Not good enough. But with good coaching, Key and Bennett could overcome this, retain their Kiwi charm, and be understood. At present Bennett, who's not unintelligent, comes across as a bit of a bint.
I'm accused of being a snob, wanting to speak the Queen's English, but if words aren't pronounced correctly, you convey a meaning that's totally different from your message.
Sucks is not the same as six, ear-lift is quite different from air-lift, women should be pronounced differently from woman.
When the BBC World Service operated out of Auckland, Rodney Hide broadcast weekly soapboxes and once sounded as if he employed cattle when he kept talking about "paying his bulls".
Lindsay Perigo gave him intensive - and hilarious - pronunciation lessons and after several hours, Hide emerged from the studio able to deliver his financial message about honouring contracts and paying bills on time.
But he still sounded like Rodney; he wasn't transformed into an upper-class toff.
I'm as Kiwi-accented as our Paula, despite the accusation: "Your failure to recognise the Kiwi accent betrays a mindset of arrogance and elitism."
New Zealand has three official languages, of which English and Maori are two.
Most Maori strive to speak te reo correctly, and because I mangled the Maori language, two years ago I paid $1000 to learn stage one Maori.
If it's good enough for us to insist Maori be respected, why can't we ask similar for English without being accused of being arrogant and elitist?
I don't believe all this "like" and "cool" and "whatever" is a natural New Zealand progression.
In the 1990s, when my now adult children were watching Beverly Hills 90210, Brandon, Brenda and their Californian mates sprinkled their speech with this nonsense, and like every other fad, we've copied it from America.
It's not intrinsically Kiwi.
Am I guilty of cultural cringe? Emphatically no. Cultural cringe is defined as an inferiority complex leading one to dismiss one's own culture as inferior.
Fie that we speak with English, American or Australian accents.
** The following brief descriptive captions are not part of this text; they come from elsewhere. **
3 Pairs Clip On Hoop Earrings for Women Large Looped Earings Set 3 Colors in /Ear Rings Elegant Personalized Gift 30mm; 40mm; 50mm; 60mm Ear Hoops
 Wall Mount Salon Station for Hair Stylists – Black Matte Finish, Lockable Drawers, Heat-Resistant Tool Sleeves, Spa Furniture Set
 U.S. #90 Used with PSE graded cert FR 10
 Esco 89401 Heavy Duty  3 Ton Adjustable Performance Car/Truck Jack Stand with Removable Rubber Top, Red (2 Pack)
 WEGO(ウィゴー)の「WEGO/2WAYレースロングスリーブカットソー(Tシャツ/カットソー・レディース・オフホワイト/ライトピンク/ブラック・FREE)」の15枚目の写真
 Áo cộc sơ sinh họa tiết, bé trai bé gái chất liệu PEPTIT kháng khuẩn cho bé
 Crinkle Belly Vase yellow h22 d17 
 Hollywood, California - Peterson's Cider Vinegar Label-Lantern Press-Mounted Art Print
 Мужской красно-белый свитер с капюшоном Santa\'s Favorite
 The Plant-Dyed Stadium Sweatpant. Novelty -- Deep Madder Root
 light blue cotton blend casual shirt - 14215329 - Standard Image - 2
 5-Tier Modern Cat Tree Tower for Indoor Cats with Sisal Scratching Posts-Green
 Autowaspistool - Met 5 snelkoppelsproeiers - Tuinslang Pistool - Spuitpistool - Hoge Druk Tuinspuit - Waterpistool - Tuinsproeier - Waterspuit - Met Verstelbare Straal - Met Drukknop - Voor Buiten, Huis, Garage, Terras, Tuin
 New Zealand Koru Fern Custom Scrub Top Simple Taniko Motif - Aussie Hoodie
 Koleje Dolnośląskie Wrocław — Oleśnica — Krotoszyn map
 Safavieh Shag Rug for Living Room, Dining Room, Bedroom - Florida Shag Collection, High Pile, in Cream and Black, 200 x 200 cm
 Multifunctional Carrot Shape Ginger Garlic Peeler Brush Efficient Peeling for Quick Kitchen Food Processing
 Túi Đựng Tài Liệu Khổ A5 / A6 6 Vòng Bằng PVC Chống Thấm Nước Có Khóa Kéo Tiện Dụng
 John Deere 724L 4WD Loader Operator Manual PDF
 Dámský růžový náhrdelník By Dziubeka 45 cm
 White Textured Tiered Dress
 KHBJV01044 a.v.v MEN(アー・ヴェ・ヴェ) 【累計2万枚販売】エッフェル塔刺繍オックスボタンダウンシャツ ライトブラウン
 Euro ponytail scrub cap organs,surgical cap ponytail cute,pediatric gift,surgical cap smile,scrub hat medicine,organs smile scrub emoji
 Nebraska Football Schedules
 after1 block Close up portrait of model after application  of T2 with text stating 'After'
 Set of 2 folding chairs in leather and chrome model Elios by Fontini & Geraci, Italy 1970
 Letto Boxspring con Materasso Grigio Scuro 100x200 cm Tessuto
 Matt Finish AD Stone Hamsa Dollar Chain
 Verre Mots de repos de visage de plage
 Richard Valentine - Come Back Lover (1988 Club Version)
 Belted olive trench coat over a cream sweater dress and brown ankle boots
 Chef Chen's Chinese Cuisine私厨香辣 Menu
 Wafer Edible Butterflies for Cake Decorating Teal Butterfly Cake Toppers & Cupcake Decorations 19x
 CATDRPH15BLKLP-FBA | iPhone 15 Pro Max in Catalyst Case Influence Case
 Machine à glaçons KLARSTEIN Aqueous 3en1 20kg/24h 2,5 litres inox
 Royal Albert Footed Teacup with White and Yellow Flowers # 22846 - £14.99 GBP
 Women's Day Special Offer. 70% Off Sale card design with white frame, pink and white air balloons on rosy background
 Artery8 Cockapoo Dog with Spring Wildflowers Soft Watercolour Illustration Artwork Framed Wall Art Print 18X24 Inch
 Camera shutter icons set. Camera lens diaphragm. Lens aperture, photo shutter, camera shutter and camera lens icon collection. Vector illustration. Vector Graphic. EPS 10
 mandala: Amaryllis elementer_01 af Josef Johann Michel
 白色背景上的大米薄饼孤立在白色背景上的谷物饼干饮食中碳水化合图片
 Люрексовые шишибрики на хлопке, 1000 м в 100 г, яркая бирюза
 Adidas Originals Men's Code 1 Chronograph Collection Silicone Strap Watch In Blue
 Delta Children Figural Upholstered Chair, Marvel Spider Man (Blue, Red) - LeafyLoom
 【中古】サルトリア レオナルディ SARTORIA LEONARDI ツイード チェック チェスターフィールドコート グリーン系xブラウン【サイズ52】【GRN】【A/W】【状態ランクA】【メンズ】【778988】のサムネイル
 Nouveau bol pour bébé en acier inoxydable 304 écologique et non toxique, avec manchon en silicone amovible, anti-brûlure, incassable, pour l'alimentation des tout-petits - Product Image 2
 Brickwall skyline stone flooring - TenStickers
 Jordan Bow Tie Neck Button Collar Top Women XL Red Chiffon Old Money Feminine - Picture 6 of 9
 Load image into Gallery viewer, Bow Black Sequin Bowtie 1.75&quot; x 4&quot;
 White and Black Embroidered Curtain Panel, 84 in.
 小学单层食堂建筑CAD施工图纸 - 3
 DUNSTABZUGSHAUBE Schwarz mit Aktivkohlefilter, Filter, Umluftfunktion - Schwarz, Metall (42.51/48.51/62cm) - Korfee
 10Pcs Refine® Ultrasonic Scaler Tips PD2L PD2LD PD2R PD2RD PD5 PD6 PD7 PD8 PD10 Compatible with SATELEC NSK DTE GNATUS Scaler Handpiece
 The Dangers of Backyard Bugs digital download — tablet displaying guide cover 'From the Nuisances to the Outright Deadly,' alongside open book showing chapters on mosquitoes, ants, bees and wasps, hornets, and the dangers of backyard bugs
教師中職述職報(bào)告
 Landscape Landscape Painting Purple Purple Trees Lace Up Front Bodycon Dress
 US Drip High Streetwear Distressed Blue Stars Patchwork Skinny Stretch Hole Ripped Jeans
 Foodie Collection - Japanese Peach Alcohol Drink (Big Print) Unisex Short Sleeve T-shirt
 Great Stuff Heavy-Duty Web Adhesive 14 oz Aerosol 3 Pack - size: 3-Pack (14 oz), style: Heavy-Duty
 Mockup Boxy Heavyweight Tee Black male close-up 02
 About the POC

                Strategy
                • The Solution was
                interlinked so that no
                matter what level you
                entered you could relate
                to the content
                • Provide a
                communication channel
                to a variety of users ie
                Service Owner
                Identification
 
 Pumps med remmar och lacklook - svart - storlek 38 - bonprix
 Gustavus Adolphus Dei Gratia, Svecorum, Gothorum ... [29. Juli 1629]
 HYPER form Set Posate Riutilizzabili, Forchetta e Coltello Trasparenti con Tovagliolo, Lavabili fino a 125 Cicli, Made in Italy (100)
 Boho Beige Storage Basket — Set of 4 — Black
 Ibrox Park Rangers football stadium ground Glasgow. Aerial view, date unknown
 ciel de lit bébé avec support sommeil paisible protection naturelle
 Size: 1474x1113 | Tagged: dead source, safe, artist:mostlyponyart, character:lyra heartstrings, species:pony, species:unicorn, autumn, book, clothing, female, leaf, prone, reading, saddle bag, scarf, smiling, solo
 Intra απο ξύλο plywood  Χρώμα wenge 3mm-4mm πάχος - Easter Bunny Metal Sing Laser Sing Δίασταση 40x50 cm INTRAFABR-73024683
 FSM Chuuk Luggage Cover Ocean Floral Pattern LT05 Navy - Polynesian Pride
I love my New Zealand accent, especially when I'm overseas, but I want to understand my compatriots.
The opposite of cultural cringe means taking some pride in the way we enunciate our words within that Kiwi accent, not running them all together so no one can understand us.
I sense a campaign building. From the Prime Minister down, we should be proud of our country, and say its name correctly - New Zealand, not New Zillund.